When evaluating the ePrivacy Regulation, reference can be made not only to the actual legal text in the Articles of the Regulation, but also to the Recitals that precede them. These serve as a guide for the regulatory subject matter and may be referred to for means of application and interpretation. Basically, the recitals are an interpretation aid offered by the legislator. In addition, the ePR Commission Proposal 2017, which essentially initiated the legislative project, also provides an Explanatory Memorandum, which can be consulted in order to understand the reasoning leading to the legislation. In this memorandum, general statements are made with respect to the grounds and needs for regulation, as well as declarations on competences and means of legislation. The statements in the Explanatory Memorandum remain useful when interpreting the current Council version of the ePrivacy Regulation as well.
It is the main object and purpose of the ePrivacy Regulation, as defined in its Art. 1 Sec. 1 and highlighted in its associated Recital 1, to promote the protection of fundamental rights and freedoms, particularly the respect for private life in accordance with Art. 7 of the Charter of Fundamental Rights of the European Union (‘EU Charter’), the protection of personal data and, in particular, confidentiality of communications of individuals and – which is a novelty – legal persons alike, as explicitly stipulated by Art. 1 Sec. 1a ePrivacy Regulation (Art. 1 No. I.1.a)). Confidentiality of communications is considered a major facet of the more general right to privacy.
With a focus on electronic communications, the ePrivacy Regulation intends to complement and particularise the European General Data Protection Regulation (‘GDPR’), mainly by laying down more specific rules for electronic communications, see Art. 1 Sec. 3 of the ePrivacy Regulation. This interplay between the regulatory purposes of the ePrivacy Regulation on the one hand and the GDPR on the other hand leads to difficulties in distinguishing between the scope of application of each regulation: Depending on the circumstances and the matter in question, the scope of the ePrivacy Regulation might be both broader and more restricted than that of the GDPR (Art. 1 No. I.2.a)).
 Council of the European Union, Doc. No. 6087/21 from 10 February 2021, Proposal for a Regulation of the European Parliament and of the Council concerning the respect for private life and the protection of personal data in electronic communications and repealing Directive 2002/58/EC (Regulation on Privacy and Electronic Communications) – Mandate for negotiations with EP (hereinafter: ePrivacy Regulation).

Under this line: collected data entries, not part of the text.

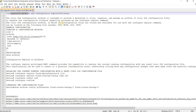Configuration Archive and Configuration Replace or Rollback. The Cisco IOS Configuration Archive is intended to provide a mechanism to store, organize, manage, and archive Cisco IOS configuration files to enhance the configuration rollback capability provided by the configure replace command.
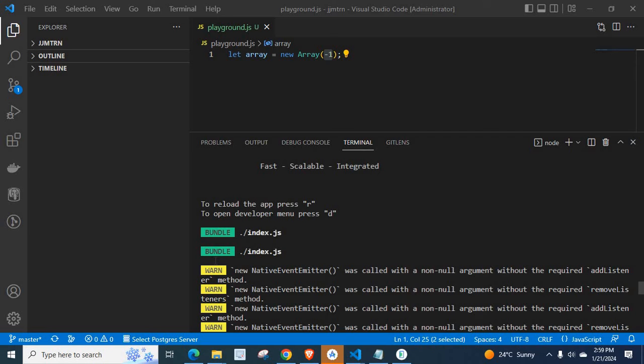Dear friends, welcome to Technisory. In this video, we are going to discuss about a warning which may show in your React Native project.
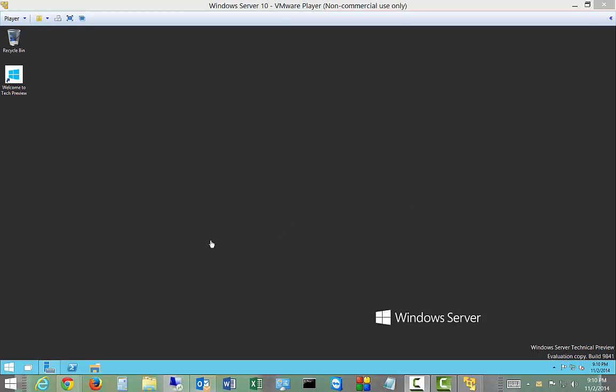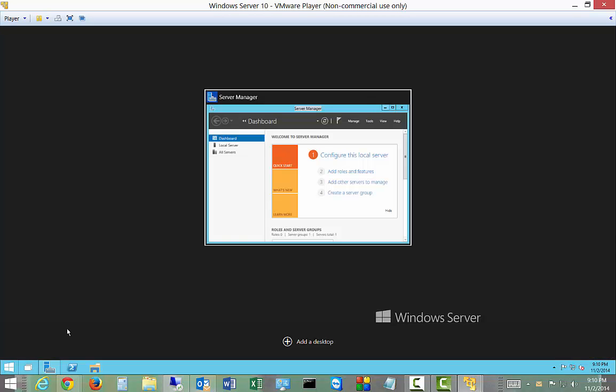We're in Windows Server 10 technical preview. Let's take a look at the new task view, also known as virtual desktops. So let's go ahead and click on that. It automatically comes installed in the toolbar at the bottom.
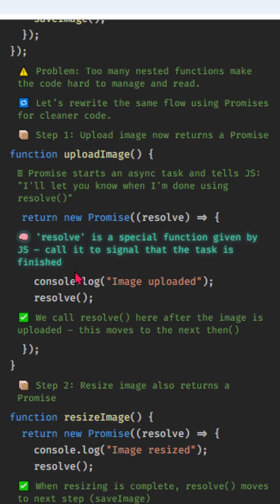Resolve is a special function given by JS. Call it to signal that the task is finished. We call resolve here after the image is uploaded, this moves to the next then.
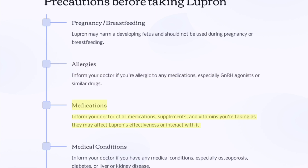Medications: inform your doctor of all medications, supplements, and vitamins you are taking, as they may affect Lupron's effectiveness or interact with it. Medical conditions: inform your doctor if you have any medical conditions, especially osteoporosis, diabetes, or liver or kidney disease.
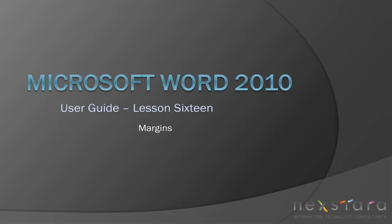Thank you for joining NextaraTV for Microsoft Word 2010 User Guide Lesson 16, Margins. If you've enjoyed this video, be sure to visit www.nextara.tv for other tutorials, or subscribe to our YouTube channel at www.youtube.com.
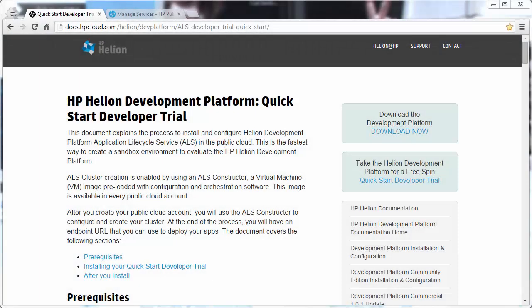In this video, I'm going to walk through the Helion Development Platform Quick Start Developer Trial. This will get the development platform, which is based on ActiveState Stackato, or perhaps more notably Cloud Foundry, installed on a VM that you can use to evaluate whether or not your applications fit well into the development platform.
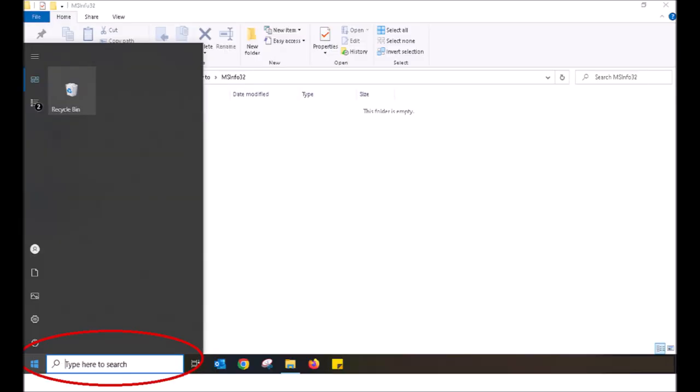The first thing you want to do on your Windows based system is click on the little Windows icon on the lower left of the screen or alternatively you can click on the search bar.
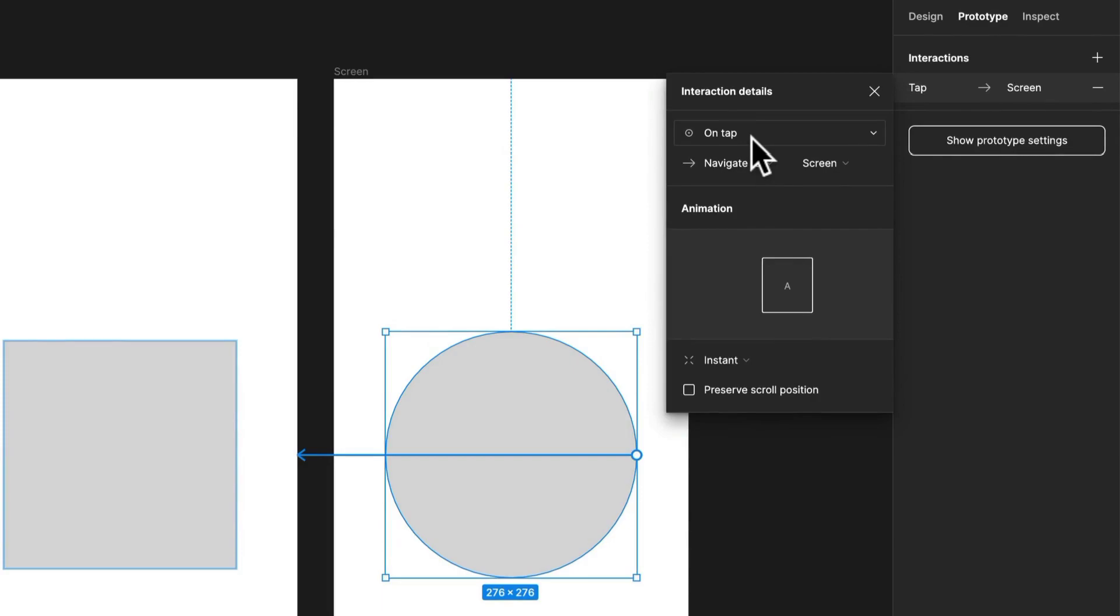Like I said, it could be on tap in this instance, you can have like a hover, et cetera. And essentially Figma has all those triggers available to you to use, so all really helpful. You'll probably be only using a handful most of the time.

 European Commission, COM/2017/010 final – 2017/03 (COD) from 10 January 2017, Proposal for a Regulation of the European Parliament and of the Council concerning the respect for private life and the protection of personal data in electronic communications and repealing Directive 2002/58/EC (Regulation on Privacy and Electronic Communications) (ePR Commission Proposal 2017).
 See ePR Commission Proposal 2017, Explanatory Memorandum.
 With regard to the protection of legal persons, the ePR Commission Proposal 2017 and the version of ePrivacy Regulation adopted by the Council of the European Union both correspond, see recital 1 ePrivacy Regulation and ePR Commission Proposal 2017), Explanatory Memorandum, at 1.1.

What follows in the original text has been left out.